◆ Problem to work on:
Word for word, return the lines below from the first through the line that has "Dự án thành", dropping the pictures.

◆ Dataset entries:
=== Section Start ===
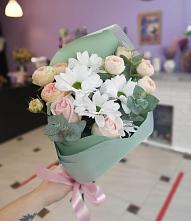 Букет цветов из:  Хризантемы и Розы #REPLACE_PRED# Знаменске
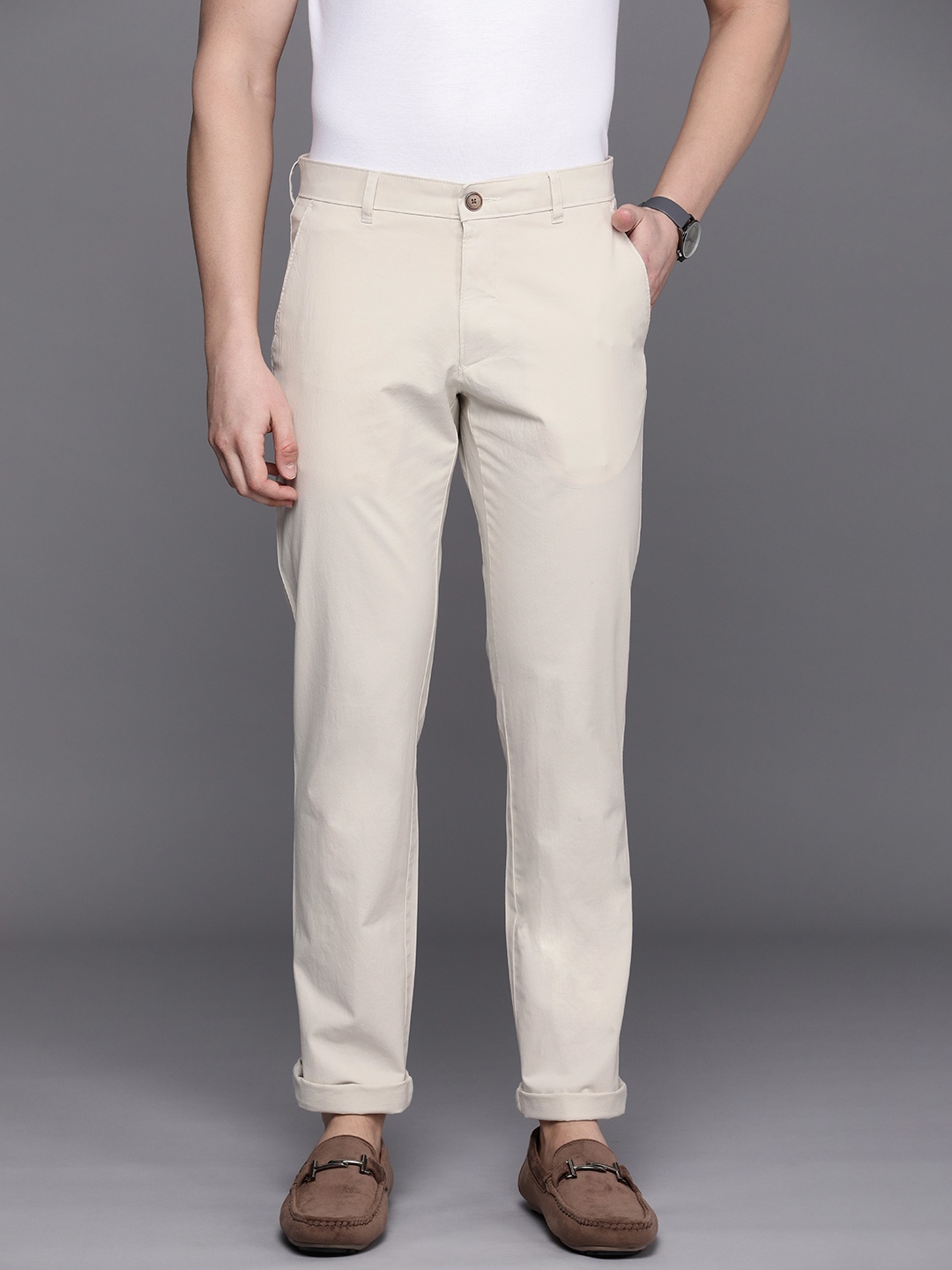 

Louis Philippe Sport Men Slim Fit Solid Mid-Rise Chinos, Cream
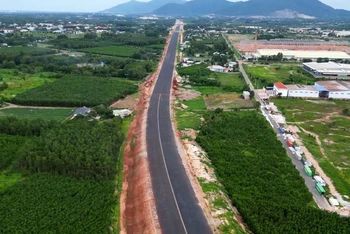 Dự án thành phần 3 cao tốc Biên Hòa-Vũng Tàu (đoạn qua tỉnh Bà Rịa-Vũng Tàu) đang được thi công nước rút. Ảnh: VŨ TÂN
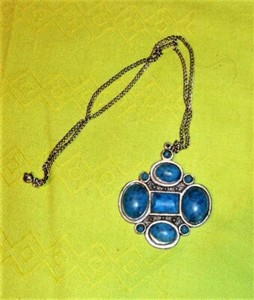 Vintage Costume Jewelry Turquoise Colored Stones Pendant /Necklace 1970's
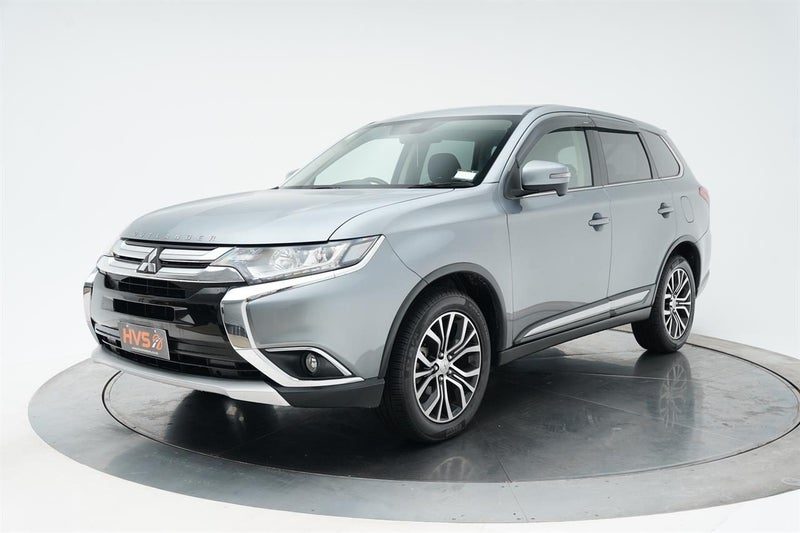 2016 Mitsubishi Outlander 24G 4WD 7 Seater, photo 3
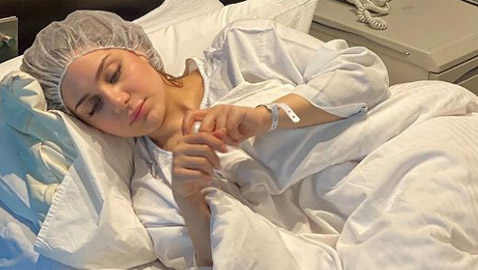 صور زينب فياض ابنة هيفاء وهبي على سرير في مستشفى تطلب الدعاء! إليكم سر عمليتها!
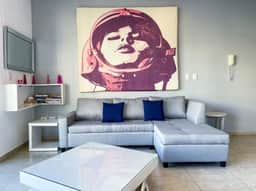 2BR >10 minWalkToBeach>Downtown>Pool>Rooftop>Pkg - Image 5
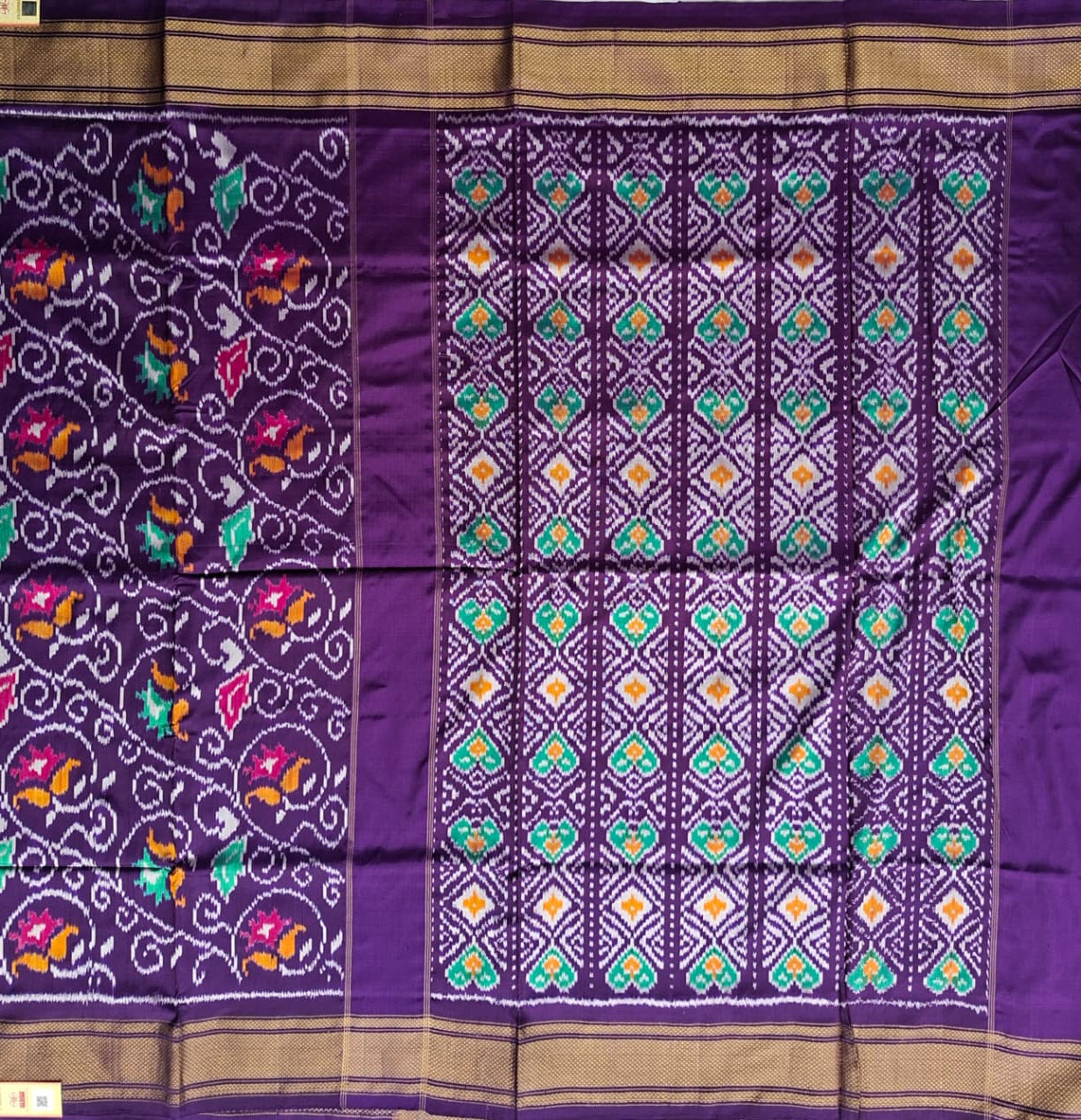 Purple Handloom Pochampally pure silk -Floral design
=== Section End ===
◆ Response to the task:
 Букет цветов из:  Хризантемы и Розы #REPLACE_PRED# Знаменске

Louis Philippe Sport Men Slim Fit Solid Mid-Rise Chinos, Cream
 Dự án thành phần 3 cao tốc Biên Hòa-Vũng Tàu (đoạn qua tỉnh Bà Rịa-Vũng Tàu) đang được thi công nước rút. Ảnh: VŨ TÂN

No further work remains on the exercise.